[[ TASK MATERIAL open ]]

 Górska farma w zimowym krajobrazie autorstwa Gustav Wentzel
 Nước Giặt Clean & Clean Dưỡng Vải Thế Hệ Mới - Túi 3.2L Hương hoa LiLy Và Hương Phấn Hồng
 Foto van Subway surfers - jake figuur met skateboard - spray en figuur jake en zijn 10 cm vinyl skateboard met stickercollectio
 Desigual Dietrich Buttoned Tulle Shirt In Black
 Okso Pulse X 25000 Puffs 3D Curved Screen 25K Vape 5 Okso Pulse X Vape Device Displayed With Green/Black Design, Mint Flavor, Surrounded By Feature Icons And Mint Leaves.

[[ TASK MATERIAL closed ]]
[[ TASK MATERIAL open ]]

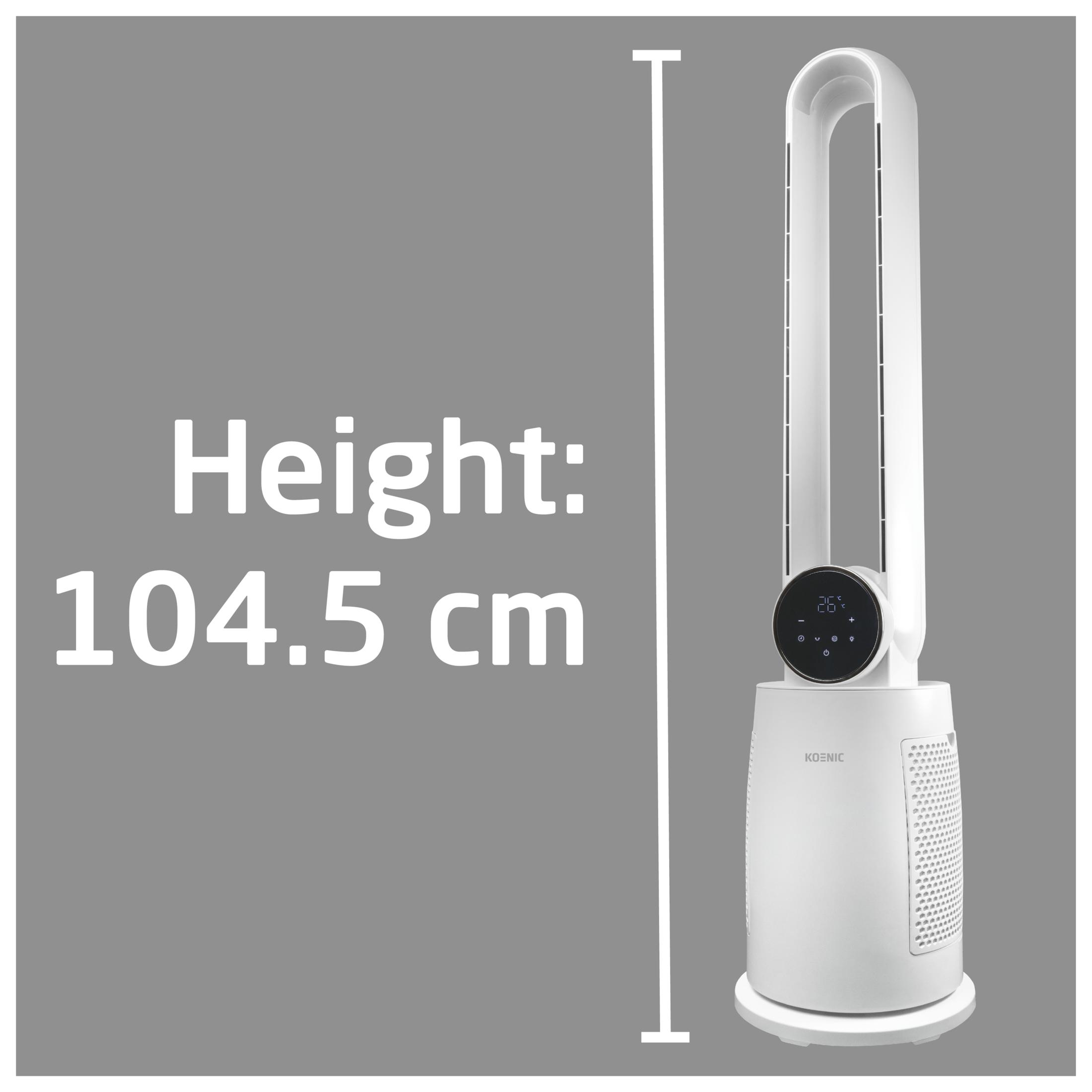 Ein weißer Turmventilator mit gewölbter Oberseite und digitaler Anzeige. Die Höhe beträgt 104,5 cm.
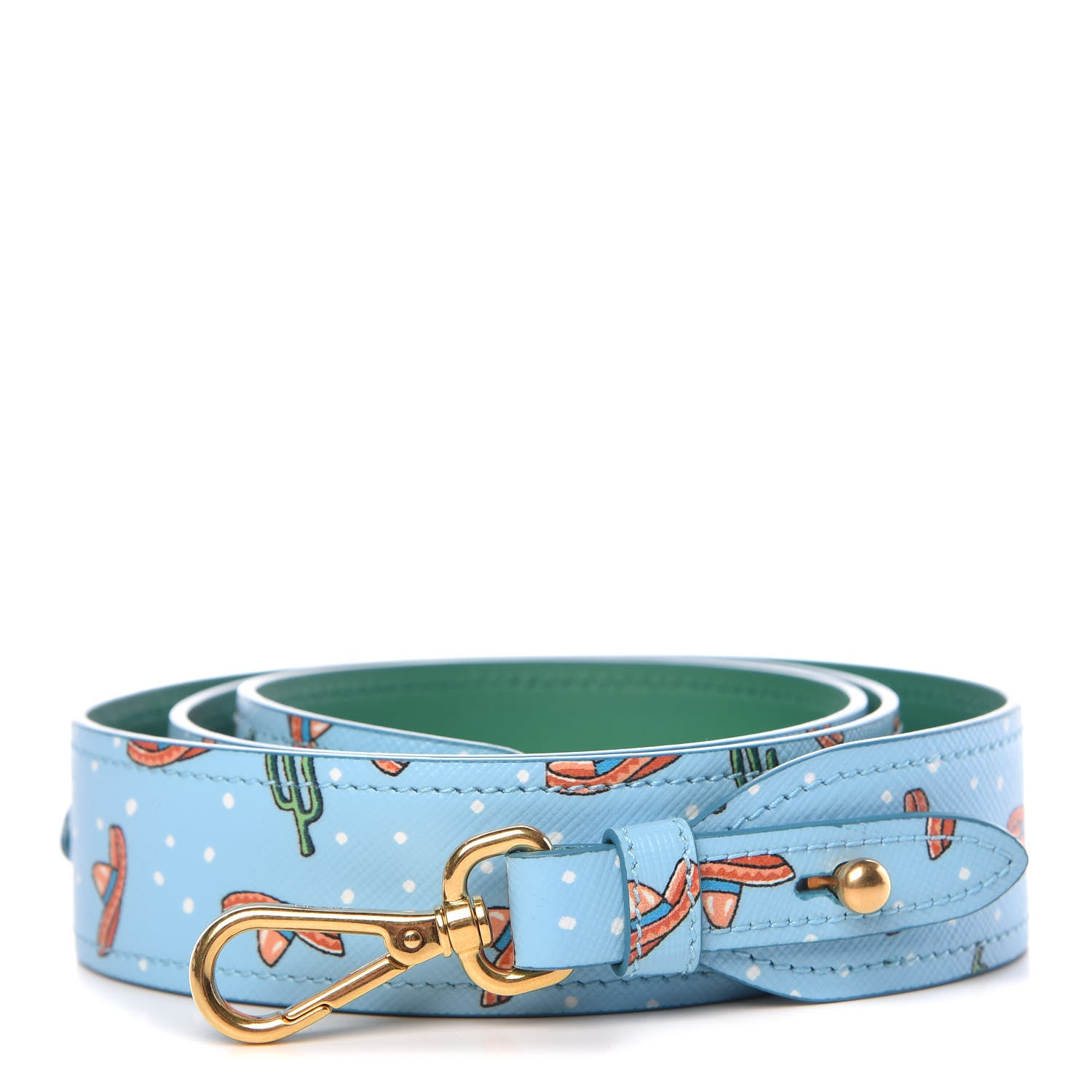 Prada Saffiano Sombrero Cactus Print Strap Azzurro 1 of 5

[[ TASK MATERIAL closed ]]
[[ TASK MATERIAL open ]]

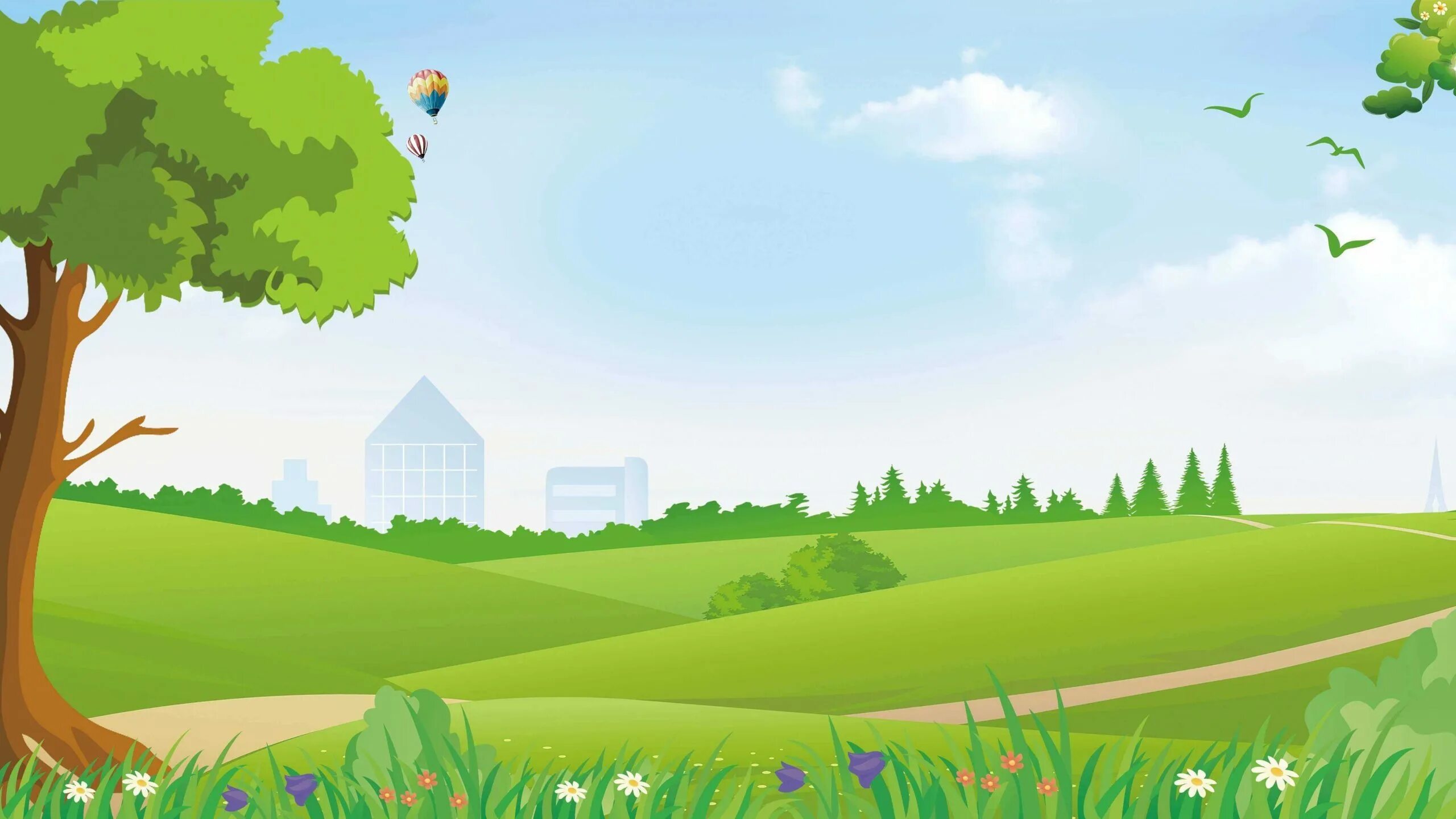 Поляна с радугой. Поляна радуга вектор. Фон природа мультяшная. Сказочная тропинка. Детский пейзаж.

[[ TASK MATERIAL closed ]]

§ **WHAT IS BEING ASKED**: Reproduce the entries above exactly, but only the lines between the line holding "Desigual Dietrich Buttoned" and the line holding "Okso Pulse X 25000", inclusive.

§ **SOLUTION TO THIS TASK**:
 Desigual Dietrich Buttoned Tulle Shirt In Black
 Okso Pulse X 25000 Puffs 3D Curved Screen 25K Vape 5 Okso Pulse X Vape Device Displayed With Green/Black Design, Mint Flavor, Surrounded By Feature Icons And Mint Leaves.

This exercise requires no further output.